Katzav is member of the Herut wing of the Likud bloc, whose leader, Prime Minister Yitzhak Shamir, opposes the international peace conference idea, which has been chiefly advanced in Israel by Foreign Minister Shimon Peres and his Labor Party.

Katzav was in Washington this week for a two-day visit that included a meeting at the State Department Monday with Richard Murphy, assistant secretary of state for Near East and South Asian affairs.

In an interview with the Jewish Telegraphic Agency, Katzav quoted Murphy as telling him that “for the time being, as far as the U.S. is concerned, the idea of an international peace conference is dead.”

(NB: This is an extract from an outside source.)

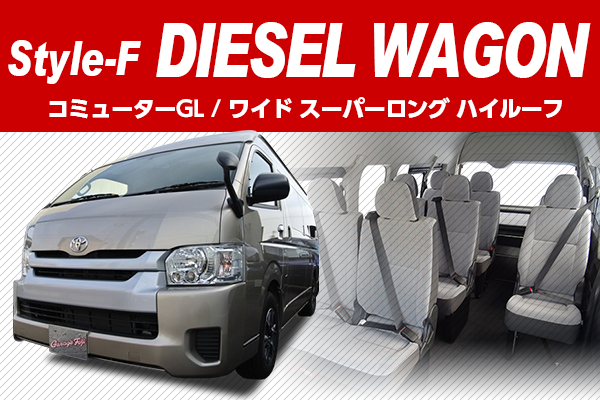 200系ハイエース　コンプリートカー DIESEL WAGON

Furthermore, during the recent visit of Secretary of State George Shultz to Moscow, “the issue of an international peace conference was not discussed at all between Shultz and the Soviet leadership,” Katzav pointed out.

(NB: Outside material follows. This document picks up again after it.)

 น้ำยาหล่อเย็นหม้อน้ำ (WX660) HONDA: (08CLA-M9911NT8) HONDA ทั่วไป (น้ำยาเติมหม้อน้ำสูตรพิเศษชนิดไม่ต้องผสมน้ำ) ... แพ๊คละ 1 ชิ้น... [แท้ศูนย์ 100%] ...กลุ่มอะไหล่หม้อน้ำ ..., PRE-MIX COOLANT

“An international peace conference is not only useless but also dangerous to the future of the Mideast,” Katzav asserted. He said that if such a conference took place, it would surely fail, and then the Arabs’ only option would be to resort to war with Israel.

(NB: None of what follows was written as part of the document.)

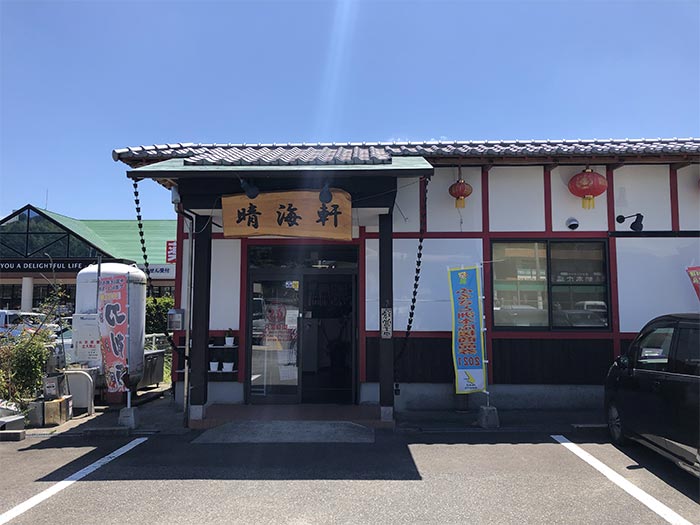 晴海軒の店舗外観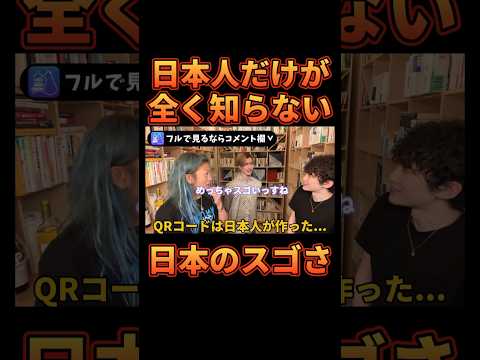 なぜか日本人だけが全く知らない日本のスゴさ【レペゼン切り抜き】【DJふぉい】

Katzav also contended that “all the talk about an international peace conference” just makes it harder to discuss any other ideas to achieve peace, such as the idea of direct, face-to-face talks between Israel and Jordan the same as it was between Israel and Egypt nearly 10 years ago.

Asked if he found in Washington an indication that America’s economic troubles and its large trade deficit will eventually result in a sharp cut in American aid to Israel, Katzav replied: “My general impression was that there is an understanding in Washington of Israel’s economic needs and difficulties. The issue of America’s economic problems was mentioned, but there was not any indication that aid to Israel will be affected.

“My impression was, at the end of my visit to Washington, that all of the American commitments to Israel, as far as aid is concerned, will be honored,” he said.